E a realidade é que, todos nós, temos dois modos de julgar, um duro e rígido para com os outros e outro, bem mais complacente, quando nos julgamos a nós próprios.

A este propósito, parece-me útil recordar um pequeno texto para sobre ele meditar um pouco:

(quote)

ELE E EU

Quando ELE não acaba o seu trabalho, digo: É PREGUIÇOSO
Quando EU não acabo o meu trabalho, digo: ESTOU MUITO OCUPADO

Quando ELE fala de alguém, é MALEDICÊNCIA
Quando EU falo de alguém, é CRÍTICA CONSTRUTIVA

Quando ELE mantém o seu ponto de vista, é TEIMOSO
Quando EU mantenho o meu ponto de vista, SOU FIRME

Quando ELE não me fala é UMA AFRONTA
Quando EU não lhe falo é um SIMPLES ESQUECIMENTO

Quando ELE demora muito tempo a fazer alguma coisa, é LENTO
Quando EU demoro muito tempo a fazer algo, sou CUIDADOSO

Quando ELE é amável, é porque TEM UMA SEGUNDA INTENÇÃO
Quando EU sou amável, é porque SOU VIRTUOSO

Quando ELE vê os dois aspectos de uma questão, É OPORTUNISTA
Quando EU vejo os dois aspectos de uma questão, SOU COMPREENSIVO

Quando ELE é rápido a fazer qualquer coisa, É DESCUIDADO
Quando EU sou rápido a fazer alguma coisa, SOU HÁBIL

Quando ELE faz algo sem lhe pedirem, METE-SE NO QUE NÃO LHE DIZ RESPEITO
Quando EU faço algo sem me pedirem, TENHO INICIATIVA

Quando ELE defende os seus direitos, É UM CONFLITUOSO
Quando EU defendo os meus direitos, MOSTRO QUE TENHO CARÁCTER

Y. Blondel (Boletim de Informação da Associação do Canadá)

(unquote)

Julguemos os outros? Pois sim, mas com a tolerância e a compreensão que usarmos para nós próprios. E se o que eles fizerem não prejudicar ninguém, quem somos nós para os julgar?

Tem um dia feliz

Licas disse...

Saber onde está a virtude é realmente de difícil resposta porque cada indivíduo tem a sua identidade própria, a sua formação respectiva e a visão do mundo e das formas de agir estão muito de acordo com estas variáveis. Aquilo que para uns é virtude, para outros não é mais do que o que tem que ser feito, de acordo com a sua consciência.
Quando outros julgam que alguém é virtuoso, se perguntassem a esse alguém diria "porquê? estou apenas dentro dos parâmentros normais de comportamento".
Os virtuosos nunca acham que o são e se calhar nem acreditam na virtude como ela parece significar.

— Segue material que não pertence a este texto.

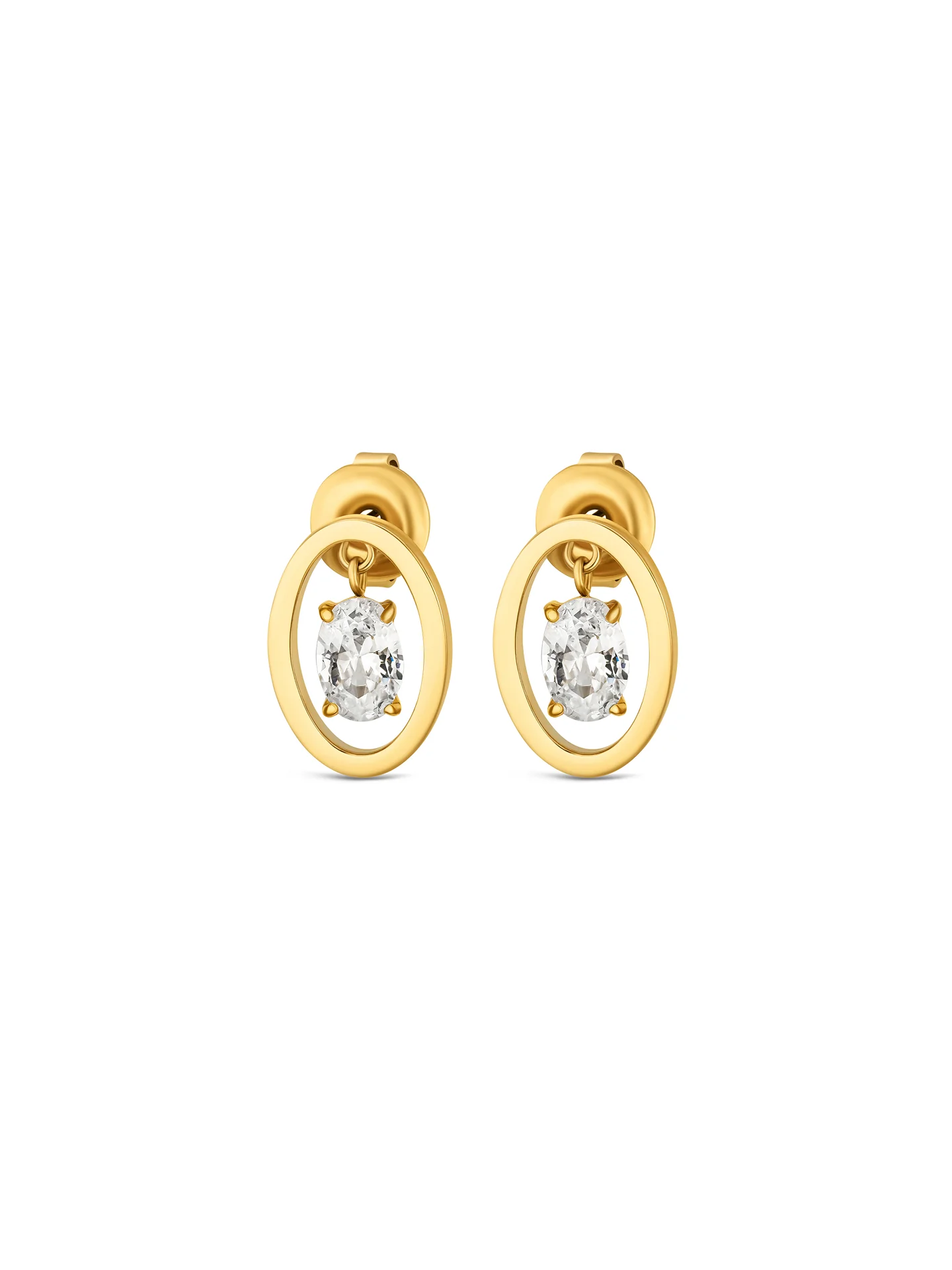 Set Colar & Brincos One Birthstone Abril - Image 5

Será que estou a ver bem o problema?

Aproveito para relembrar o desafio colocado em Maio passado e cujo texto transcrevo:

Caros Amigos

Muitos daqueles que se mostraram interessados neste desafio, demonstraram que os prazos previamente definidos comprometiam a sua participação. Uns porque estão com muito trabalho de final de ano lectivo, outros porque têm que estudar ou acompanhar os filhos ...
Ponderei e achei que, para termos mais pessoas envolvidas se devia alargar o tempo de participação.
Assim o tema que abaixo colocarei poderá ser tratado, ao ritmo de cada um, até final de Setembro.

Que dizem?
Estará melhor assim?

Espero desta forma agradar a todos e de todos obter a participação.

O tema será:

A FAMÍLIA - TRANSMISSÃO DE REFERÊNCIAS E VALORES

Com muito carinho fico a aguardar a vossa criatividade.

Um abraço
Licas

Anabela Magalhães disse...

Excelente pergunta. Subscrevo-a sem me adiantar na resposta. :)
E aleluia que há novidades neste blogue!!!